June 2, 2025

Tesla shares surge over 22% as Musk steps back from DOGE role

tesla shares surge over 22% as musk steps back from doge role
Photo source: Flickr

Tesla’s shares witnessed an upswing in May, climbing over 22% as investors welcomed CEO Elon Musk’s decision to scale back his political engagements and concentrate more fully on the company’s primary business activities. Despite this encouraging performance, the stock remains approximately 14% below its level at the beginning of the year due to ongoing difficulties in global sales and investor sentiment.

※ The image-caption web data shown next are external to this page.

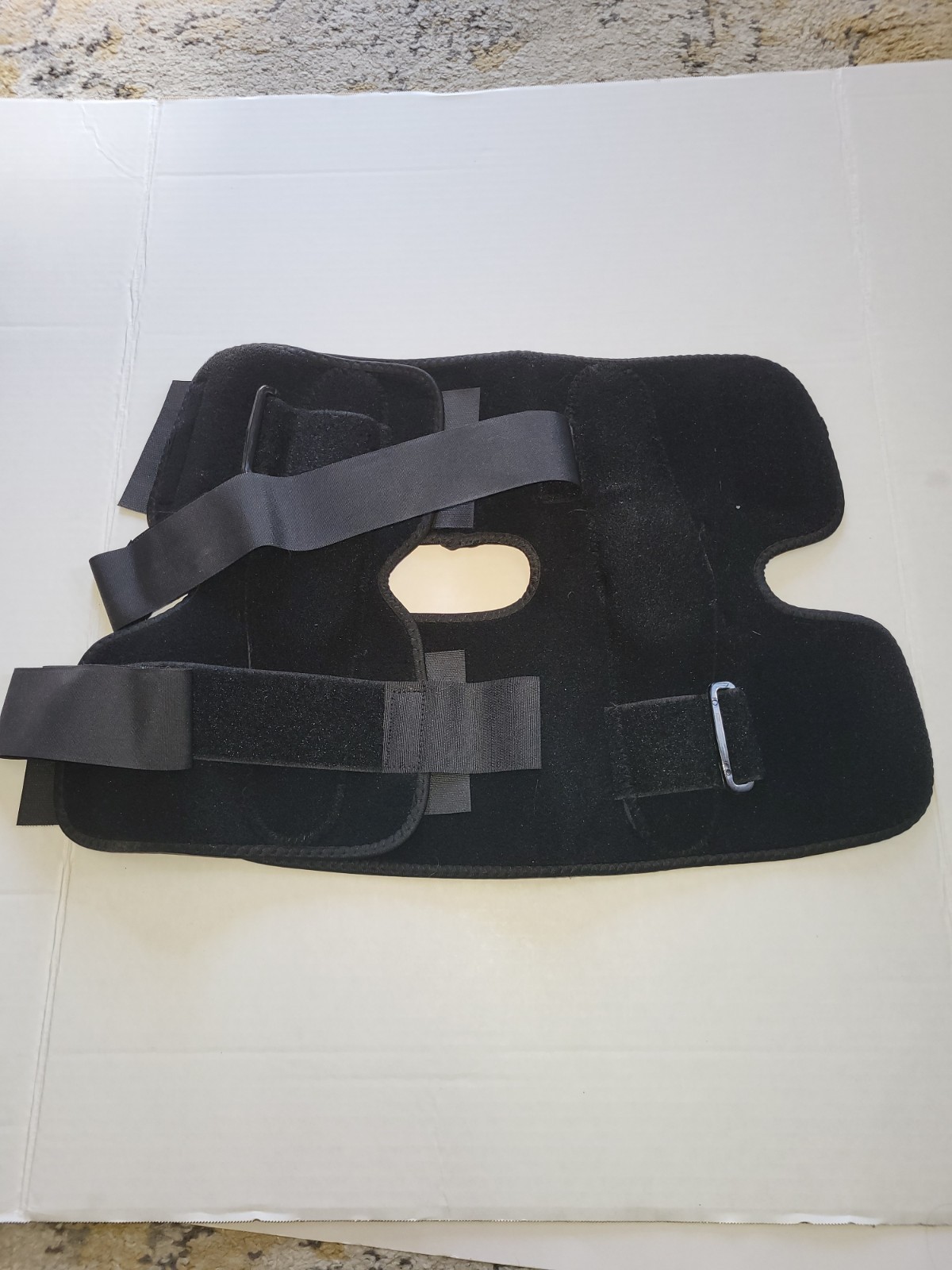 Comfortland – Ck-110X – Universal Maximum Hinged Knee Brace Wraparound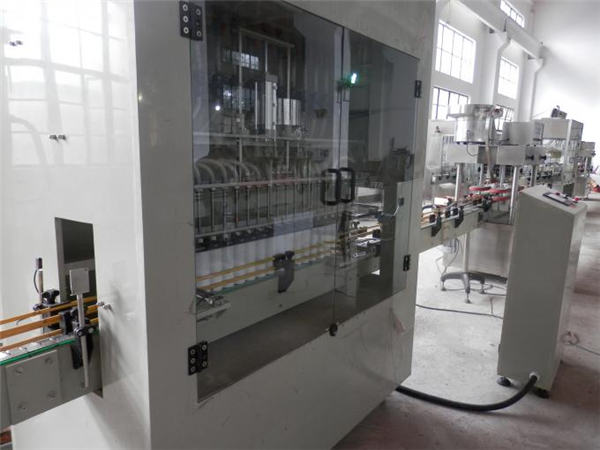 स्टेनलेस स्टील पूर्ण स्वयंचलित ब्लीच फिलिंग मशीन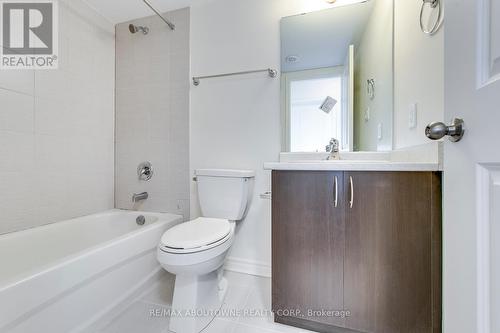 15 - 2212 Bromsgrove Road, Mississauga, ON - Indoor Photo Showing Bathroom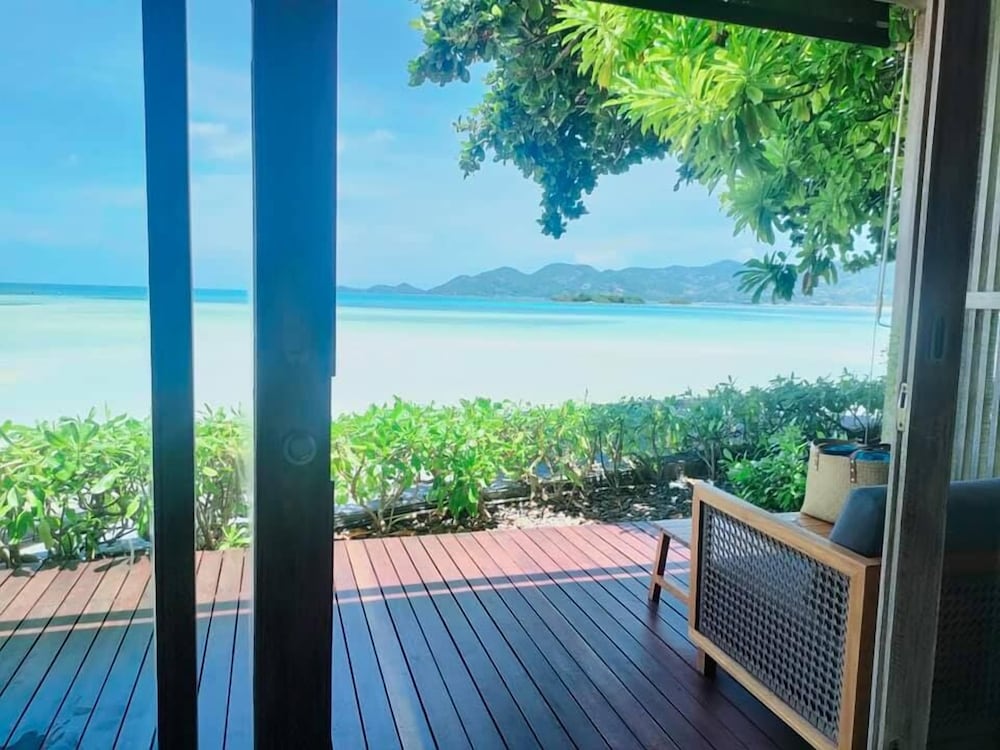 Villa, Beachfront photo 3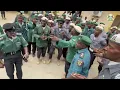 Download Lagu Leden van de Hisbah houden een parade om de opperbevelhebber te feliciteren met het ontvangen van...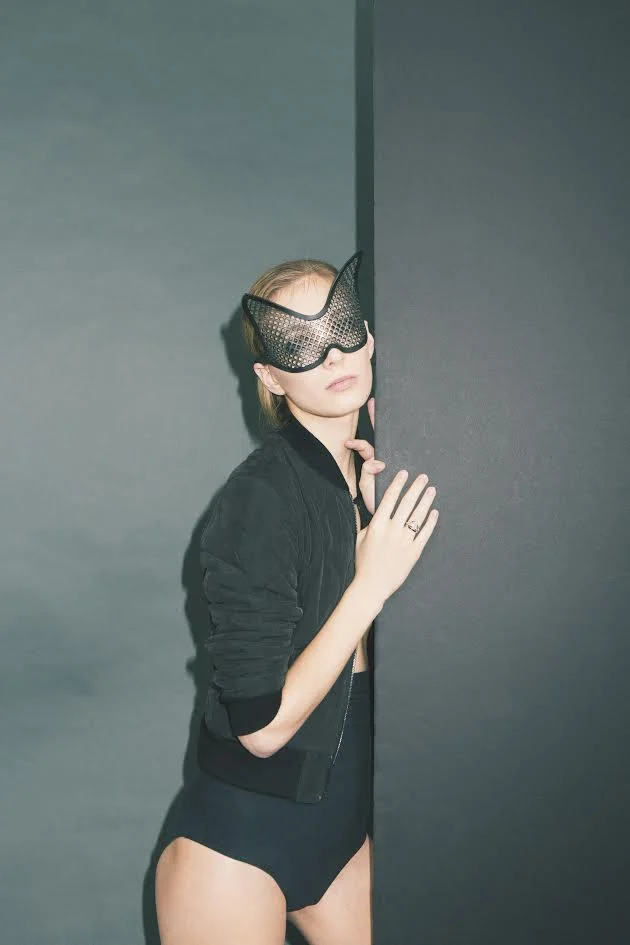 mask.jpg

Musk’s recent role leading the Department of Government Efficiency (DOGE), an initiative under the Trump administration that aims to improve federal agency operations, had drawn criticism and appeared to weigh on Tesla’s share price earlier this year.

Industry analysts described Musk’s White House involvement as a “20% overhang” on the stock, a burden that has now eased following his departure. President Donald Trump publicly praised Musk’s exit, calling him “terrific” and emphasising that he would continue to offer support.

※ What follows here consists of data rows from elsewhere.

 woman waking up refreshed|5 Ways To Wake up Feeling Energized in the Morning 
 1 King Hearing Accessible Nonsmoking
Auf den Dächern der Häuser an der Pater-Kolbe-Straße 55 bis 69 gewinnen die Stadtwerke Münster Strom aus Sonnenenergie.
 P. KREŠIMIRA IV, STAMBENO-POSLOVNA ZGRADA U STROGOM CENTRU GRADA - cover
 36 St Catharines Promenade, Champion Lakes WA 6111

During Tesla’s latest earnings call, Musk confirmed that he would drastically reduce the time devoted to DOGE by the end of May, though he plans to remain involved on a limited basis until Trump’s term concludes. He also intends to retain his White House office and maintain a close advisory relationship with the president.

“I expect to remain a friend and an advisor, and certainly, if there’s anything the president wants me to do, I’m at the president’s service,” he stated.

Operational challenges persist for Tesla, with European sales plunging by half year-on-year in April and deliveries in China declining by roughly 25% during the initial weeks of the current quarter. These setbacks have been worsened by public backlash against Musk’s political affiliations, including protests related to his endorsement of Germany’s far-right party AfD. 

Furthermore, pension fund managers have urged Tesla’s board to impose stricter oversight on Musk, demanding he dedicate a minimum of 40 hours per week to the company to address what they describe as a “crisis” in leadership.

Despite these obstacles, Tesla is actively highlighting its progress in autonomous driving and artificial intelligence as key areas for future growth. The company is preparing to launch its long-awaited robotaxi service in Austin, Texas, reportedly set for mid-June, deploying a fleet of Model Y vehicles equipped with Tesla’s latest Unsupervised Full Self-Driving technology. This initiative aims to boost Tesla’s competitiveness against rivals such as Alphabet’s Waymo, which recently surpassed 10 million paid driverless rides in the United States.

Tesla’s stock has also benefited from its manufacturing presence in the United States, with two major assembly plants located in Fremont, California, and Austin, Texas. This domestic production capability helps Tesla mitigate the impact of tariffs that have affected other automakers. Additionally, Tesla’s vehicles contain a higher proportion of North American-made parts than many competitors, bolstering its resilience amid ongoing trade tensions.

Market analysts remain cautiously optimistic about Tesla’s outlook. While the recent surge in share price has been impressive, some technical indicators suggest the gains may be slowing, with warnings that the stock could enter a consolidation phase before making further advances. The company’s ability to regain market share and demonstrate consistent sales growth will be crucial in shaping its longer-term prospects.